The obtained results of our study partially support Hypothesis H1: negative sustainability message effects are moderated by topic. Negative messages heightened physiological activation for “Electronics” (engagement via relevance/threat) but decreased activation for “Food” and “Transport” (disengagement/avoidance). This confirms threat-based messaging’s dual role, necessitating topic-specific emotional tone alignment.
Hypothesis H2 is clearly confirmed: “Electronics” and “Cosmetics” topics produced significantly higher activation and impact than “Food” and “Transport,” suggesting content linked to identity or innovation drives emotional engagement regardless of framing.
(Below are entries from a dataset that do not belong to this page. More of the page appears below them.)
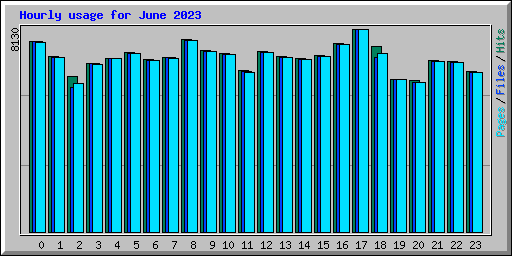Hourly usage for June 2023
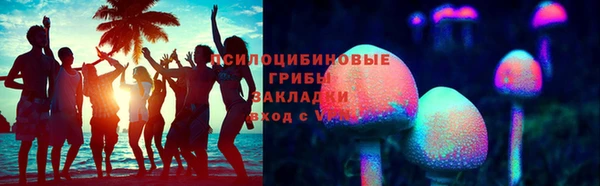индика Красноперекопск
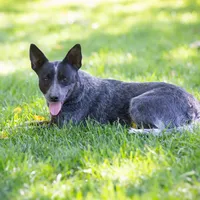 processed/e30c0be8-c8c2-48ff-a341-b2e4060f3251/facility/a9150054-a6ea-47d1-a7d7-9e2837be7cf2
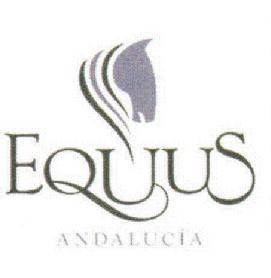 Imagen de EQUUS ANDALUCIA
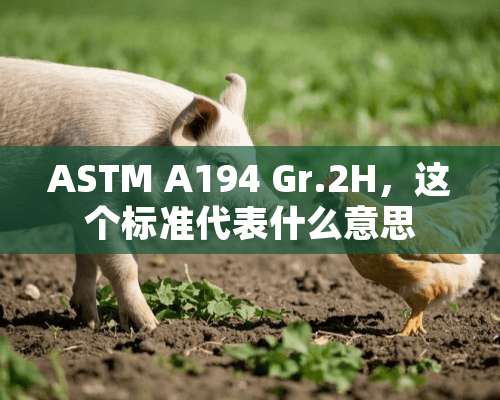 ASTM A194 Gr.2H，这个标准代表什么意思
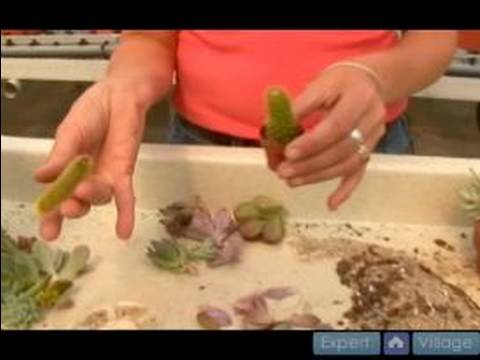 Kaktüs Ve Etli Bitki Yetiştirmeyi: Nasıl Kaktüs Ve Etli Bitkiler Büyümek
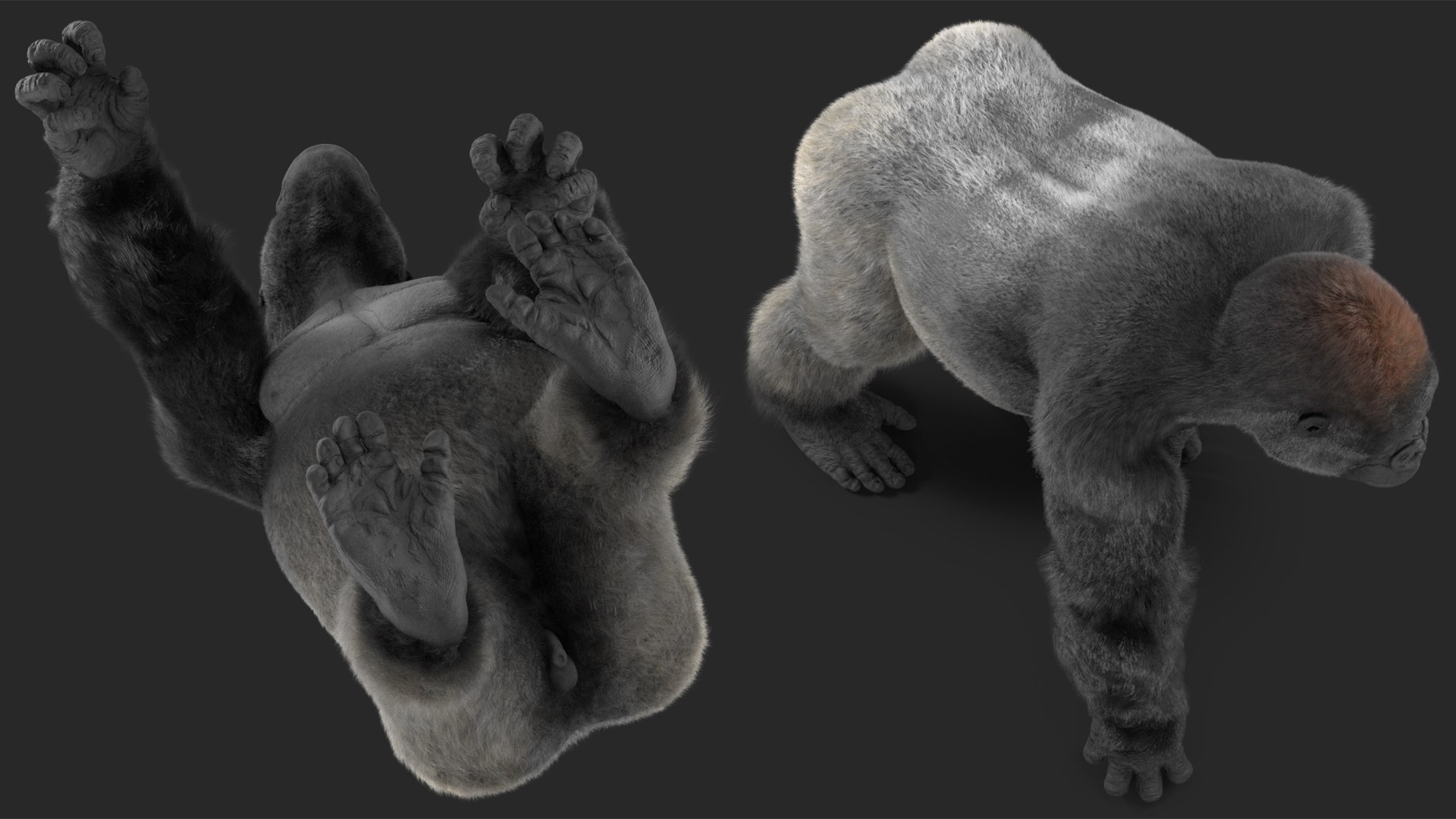 3D Gorilla Western Lowland Walking Pose Fur https://p.turbosquid.com/ts-thumb/LX/rI4Cn9/4X/gorillawesternlowlandwalkingposefurmb3dmodel011/jpg/1708654037/1920x1080/fit_q87/1a843536f25a89f06169163ff66566bb9e1a8c2d/gorillawesternlowlandwalkingposefurmb3dmodel011.jpg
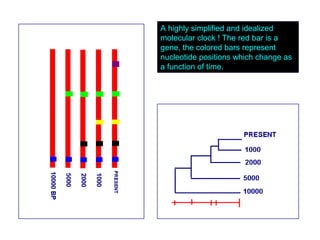 A highly simplified and idealized
molecular clock ! The red bar is a
gene, the colored bars represent
nucleotide positions which change as
a function of time.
Topic is thus a primary driver, supporting Objective O2 by showing effective communication requires thematic tailoring.
Hypothesis H3 is confirmed, revealing distinct gender-based emotional responses. Females showed higher physiological activation (especially to negative messages for electronics/cosmetics), indicating heightened sensitivity. Males reported higher impact (especially for electronics), suggesting gender differences in emotional labeling or processing. This reinforces gender as a psychological moderator.
Cluster analysis confirms Hypothesis H4, identifying seven distinct GSR-based emotional response patterns. Clusters were significantly associated with topic (p < 0.001) and moderately with gender (p = 0.047), but not significantly with message framing (p = 0.123). This indicates framing influences mean activation but not latent engagement structures. Objective O4 was achieved by demonstrating structured, heterogeneous emotional responses patterned by content and demographics.
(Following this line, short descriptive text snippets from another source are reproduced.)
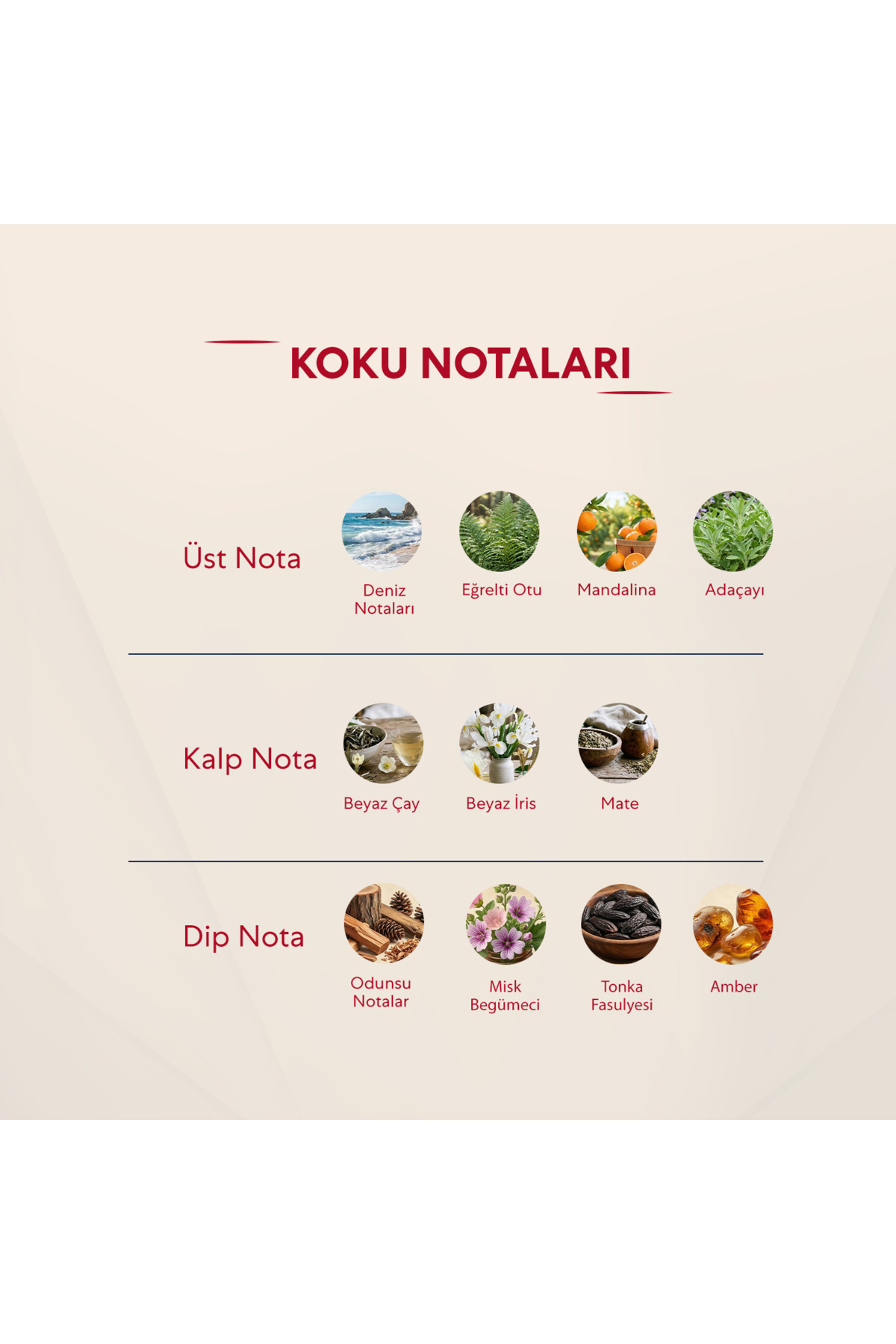 450 Edp Floral Kadın Parfüm ( 2 ADET) 50 ml — WHITETEASET — تصویر 2 از 3
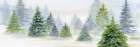 Pine Trees 1 Art Print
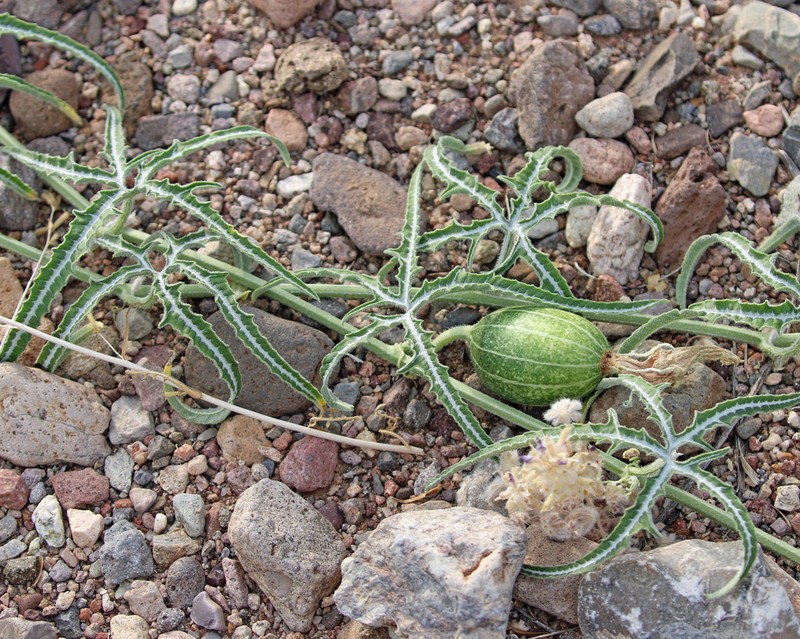 Fingerleaf Gourd photo 6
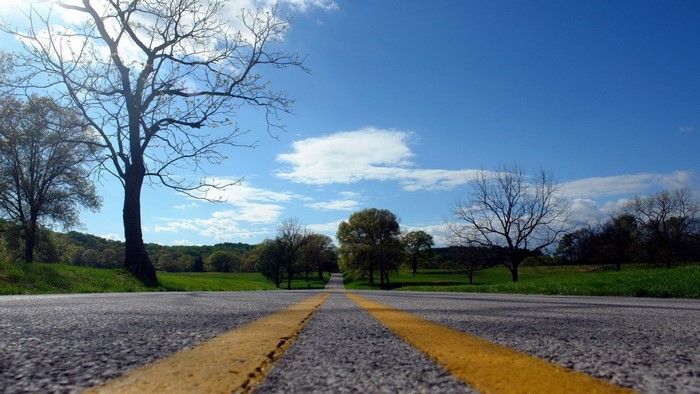 Empty road through a grassy landscape with trees under a blue sky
To provide clarity, the results can be linked to the stated hypotheses as follows: H1 (negative framing effects vary by topic) was partially supported; negative framing increased arousal for electronics but decreased it for food and transport. H2 (topic relevance predicts responses) was supported, with electronics and cosmetics producing higher activation and impact. H3 (gender differences) received provisional support but should be interpreted cautiously due to sample imbalance. H4 (distinct physiological profiles) was supported, though cluster interpretation remains exploratory. Collectively, the confirmation of H2, H3, H4, and partial validation of H1 show emotional engagement is shaped by a complex interplay of topic relevance, emotional load, and demographic factors. Message framing alone poorly predicts emotional impact. Sustainability communication must account for what is communicated (topic) and to whom (audience characteristics). Identifying distinct engagement patterns enables tailored messaging strategies aligned with cognitive-affective patterns, advancing understanding and practice in sustainable consumer communication.
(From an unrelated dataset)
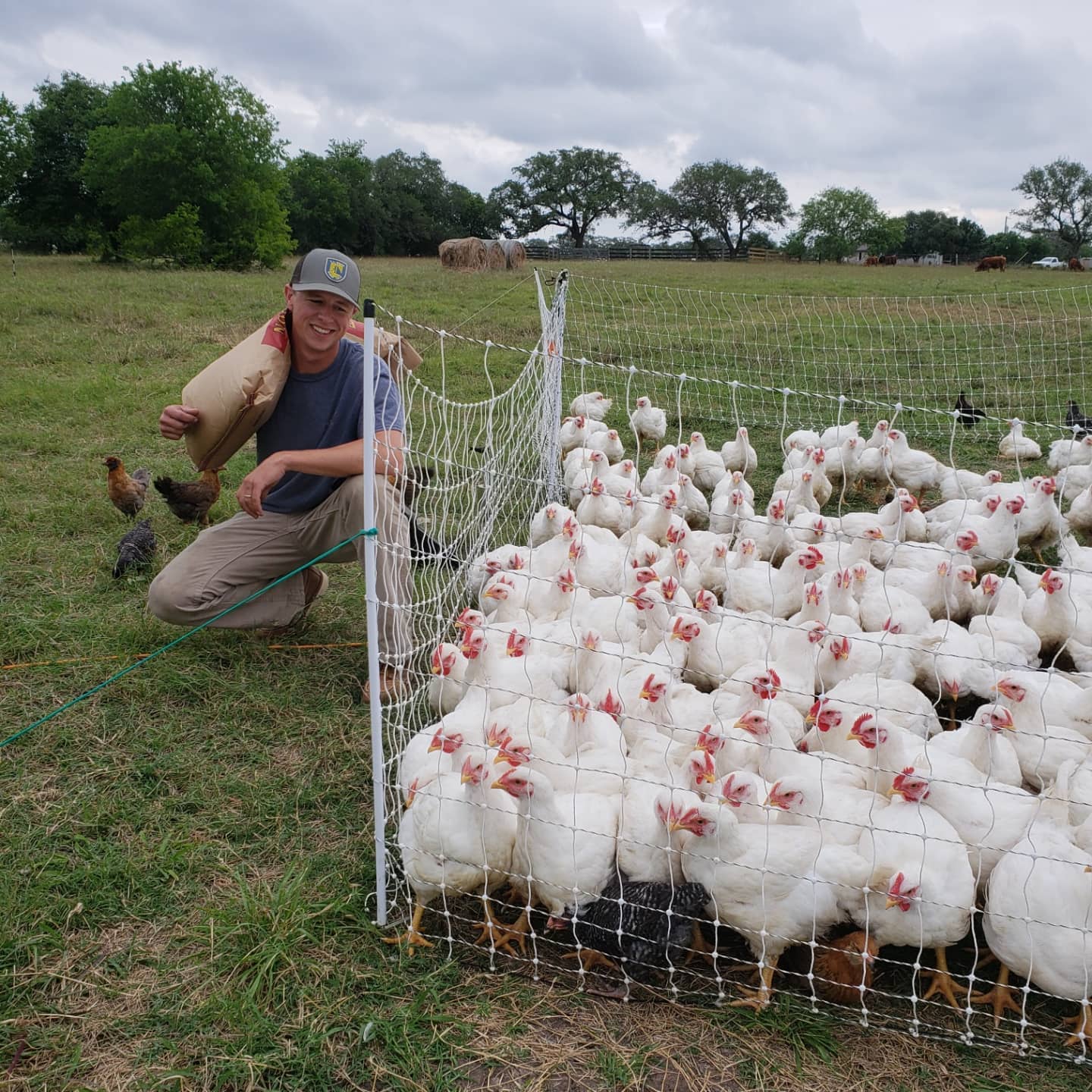 Pasture-Raised Chickens at Farm 1701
Our findings resonate with studies suggesting traditional advertisements convey stronger value signals than ecological messages, highlighting a disconnect between stated preferences and emotional responses (Vezich et al., 2017; J. Wang & Calder, 2006). Notably, positive messages can sometimes induce moral disconnection, causing individuals to downplay negative consequences (Stubenvoll & Neureiter, 2021), emphasizing the complexity of emotional engagement with sustainability messages.
Regarding cosmetics, we found negative messages elicited lower activation and significantly lower impact than positive ones. While many cosmetic studies focus on branding, recent reviews confirm emotional responses are measurable using tools like GSR, eye tracking, and facial analysis (Cuesta et al., 2018; Diwoux et al., 2024; García-Madariaga et al., 2020). Our results also align with findings that women are often more attentive to and affected by negative messages (León et al., 2023; Soroka et al., 2016). Specifically, women in our study showed greater physiological activation to negative messages than men, particularly within the electronics and cosmetics categories. However, these gender interpretations should be viewed cautiously due to the modest and unbalanced sample (45 women vs. 18 men), which limits statistical power and generalizability.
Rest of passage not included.